The 28 father of two, who had been homeless for four years after suffering mental illness and alcoholism, was found dead last week (Tuesday 22 March) in a shop doorway in Glasgow city centre.
Protestors gathered in Glasgow last week to highlight the plight of the city’s homeless at a time when there are many unused buildings and thousands of people sleeping rough. Organisers told CommonSpace they had appealed to the city council to open up abandoned buildings.
Now a petition, organised to keep the issue alive as activists consider a course of action to prevent future deaths, has been launched. It calls on the council to provide temporary shelter to all who apply for it.
One petition signatory, Arran C, writing about why he backed the demands, said: “That a man can die on the streets in a city like Glasgow is appalling, even more so as it is entirely preventable. Homeless people are not expendable lives. The council’s provision for vulnerable people is woeful and its response to this death as been insulting.”
Activists have pledged that they will not allow another winter to pass with so many seeking warm and safe accomodation.
Protest and vigil held in Glasgow after homeless man dies in city centre
Writing about the reasons she had signed the petition, Anne F said: “Because it is so sad that people have to sleep outside at night i couldn’t even imagine how bad this could be my heart goes out to them xx.”
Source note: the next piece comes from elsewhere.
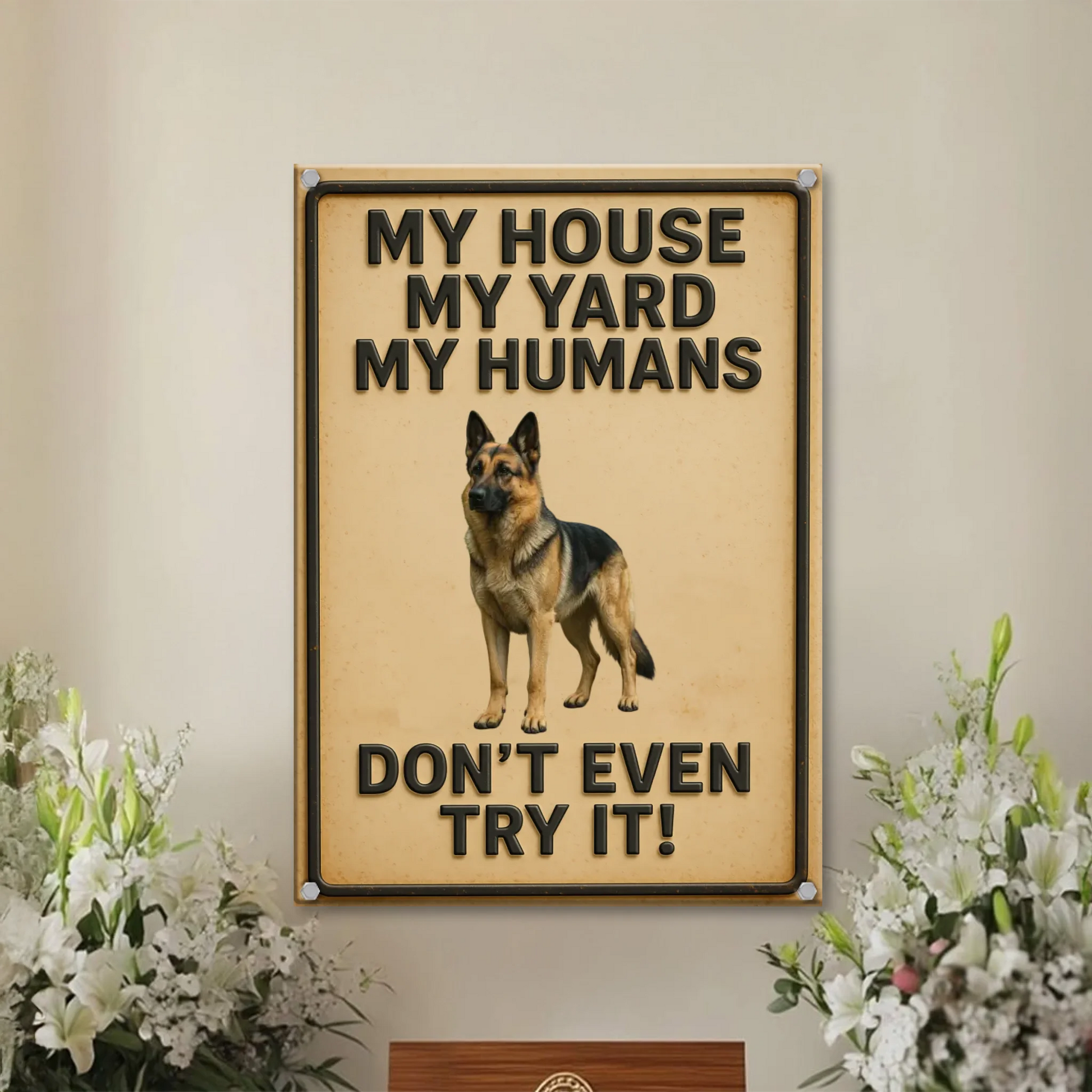 Duconspace Metal Sign Portrait Indoor, Metal Sign Hanging on Living Room Wall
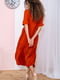 Платье А-силуэта терракотового цвета | 5932551 | фото 4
Responding to protests over the death, a GCC spokesperson said: “This was a tragic death and a police investigation is currently on-going.
“The cause of death has still to be determined and it would be inappropriate to comment on this until the facts have been established.
“Our street team works in the city centre every day to engage directly with people affected by homelessness and to direct them to them to available support.
“The reasons for homelessness can be complex and moving on from a chaotic lifestyle can be very difficult.”
GCC claims that the number of people applying for homelessness accommodation has fallen by more than half to around 6000 in the last ten years.
In the winter in 2016, homeless shelters across Scotland reported an increase in emergency applications for shelter. In April 2016 a homeless camp set up in Glasgow George Square demanding proper housing for the city’s homeless.